Belfast, a hot favorite to become the first Oscar best picture winner made during the pandemic, was inspired by the “other lockdown” of Northern Ireland’s Troubles, its writer-director Kenneth Branagh said Tuesday.
The critically acclaimed black-and-white drama — out Friday — received its glitzy Los Angeles premiere at the newly minted Academy Museum this week, as its studio Focus Features gears up for a lengthy award season campaign for the movie based on Branagh’s childhood.
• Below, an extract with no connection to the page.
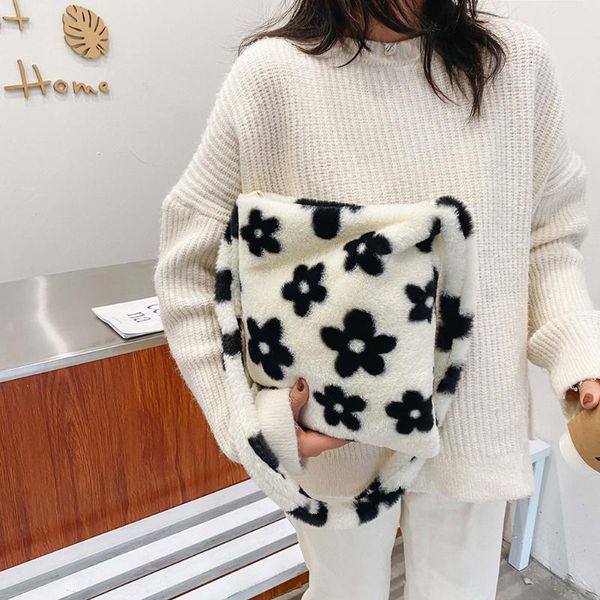 portable flower printed shoulder handbag plush messenger bag street totes large capacity diaper bag luxury tote
portable flower printed shoulder handbag plush messenger bag street totes large capacity diaper bag luxury tote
“It came out of that silence that a lot of us stared into at the beginning of the lockdown and it certainly sent me back to this other lockdown that we experienced where both ends of the street were barricaded,” said Branagh. The Shakespearean stage actor-turned-movie star and director moved with his family to England in the late 1960s to escape escalating violence in Northern Ireland.
The movie begins with a scene of street violence in the summer of 1969, when Protestant gangs attack Catholic families to force them out of streets where the two groups had lived side by side.
“I was 16 when 1969 arrived and I have memories of the thrill of this explosion, and it was only a day later that I started to see the menace of it,” said co-star Ciaran Hinds, who, like many of the cast, grew up in Belfast.
“My childhood at that time was the sound of the city at night, and explosions in the distance echoed off the hills of Belfast, or gunfire at night.” The so-called “Troubles” would blight the British province for the next three decades, dividing communities along religious and nationalist lines.